The Rainey Kelly Campbell Roalfe/Y&R managing partner Tony Harris is rubbing his hands together with glee at the prospect of getting stuck into a brief that involves two of his favourite things - beer and football. Last week, the agency beat Carlsberg's UK agency, Saatchi & Saatchi, Soul, St Luke's and the Danish incumbent, DDB Copenhagen, for the task of developing an integrated global campaign to advertise the brand's sponsorship of Euro 2004.
Standing out from the crowd of football-affiliated brands is no easy matter, and is crucial to Carlsberg's brand heritage, which explains why Carlsberg asked both roster and non-roster agencies to present ideas for the task.
RKCR/Y&R will be the creative workhorse behind a campaign that will be rolled out in up to 50 countries where Carlsberg is drunk. The agency won the pitch with an idea that Carlsberg claims will work across all media, be it TV and other traditional above-the-line formats, packaging, promotions, beer mats, direct mail and online.
The agency will present a bank of work to Carlsberg's regional marketers, who will choose which ads and activity should run in each territory, with the effect being a mix-and-match, but comprehensive, exposure for Carlsberg in the run-up to the tournament. The sponsorship deal already includes on-site branding and some commercial airtime, but other media spend will be handled by individual regions.

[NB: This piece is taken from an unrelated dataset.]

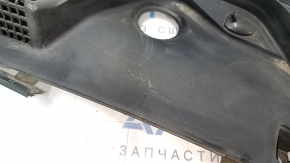 Left windshield wiper grille plastic Nissan 350z scratches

Starting work on the creative concept for a product that won't see the light of day until next June - Euro 2004 kicks off in ten stadia in Portugal - may seem a bit premature. But Carlsberg, and the other headline sponsors that have each forked out around £15 million for the right to associate themselves with the tournament, including Coca-Cola and McDonald's, have much to do to make sure their marketing campaigns have the right cut-through and impact to make that investment worthwhile.
Carlsberg is one of the most experienced companies where sports sponsorship is concerned. Apart from deals with the FA in the UK, its relationship with the UEFA-organised tournament alone spans 15 years, and it has already signed up to sponsor Euro 2008. The last tournament saw sales increase 11 per cent for the duration, and a continued 5 per cent uplift over the year, so clearly the company feels the investment is worth it.
Harris says Carlsberg is a brand utterly in sync with its target audience.
"Carlsberg not only has the heritage with the game, but also benefits from the fact that beer is seamlessly linked with football. It's a perfect fit."
Distribution is also a key factor. Because the brand is available in a wide range of markets, it is enough for any advertising and marketing creative idea to work in ways other than brand-building. "The brand is already known to consumers, so we're not on an educating mission - we are simply reminding them of Carlsberg's affiliation with the tournament," Harris says.
The Soul creative director, Bruce Crouch, agrees that Carlsberg is right to continue its high investment in football sponsorship. "Carlsberg has an inherent right to football sponsorship, and its track record goes back many years, both in national and international tournaments and teams," he says.
St Luke's executive creative director, Al Young, adds: "Carlsberg fits with football because it adheres to the principle that sponsors must bring something to the game and the fans - beer."
Crouch adds: "The further away from the event a product is, the more a sponsor is seen to be 'buying' the fans' loyalty. Carlsberg has no worries on that front, as beer is one of the first things on their minds."
As well as numerous brands that pay top dollar to reach the public through sport, the value of sports sponsorship and marketing is clearly appreciated by those with the purse-strings in advertising too. Only this month, Dentsu and Publicis Groupe teamed up to form a company, iSe, which will compete with Interpublic's Octagon sports marketing company.
With such vested interest in the sector, Carlsberg will be looking to RKCR/Y&R for creative that will stand above all others, including those companies that have no official links with Euro 2004, but will jump aboard the football bandwagon.
For evidence of football-themed marketing activity at its peak, take last year's World Cup, where unofficial "sponsors" such as Nike were just as prevalent as rivals who paid for the privilege, such as Adidas. And Coca-Cola's global TV ad "World Cup of Fans" is another good example of creative that works wherever you are in the world.
The ad was simple; a montage of the brand's previous World Cup campaigns to the soundtrack of Blondie's Atomic.
RKCR/Y&R and Carlsberg are predictably coy about the nature of the creative that won the pitch, but Crouch is sure the agency will not have trouble coming up with an idea that works globally.
"Football is a universal language that inspires similar behaviour wherever you're watching it in the world. That's why the Coca-Cola ad worked so well, because it mirrored the kind of passion shown in front rooms and bars across the globe and everyone related to it. Whatever it comes up with, RKCR will be looking to recreate that sense of passion that exists among fans," he concludes.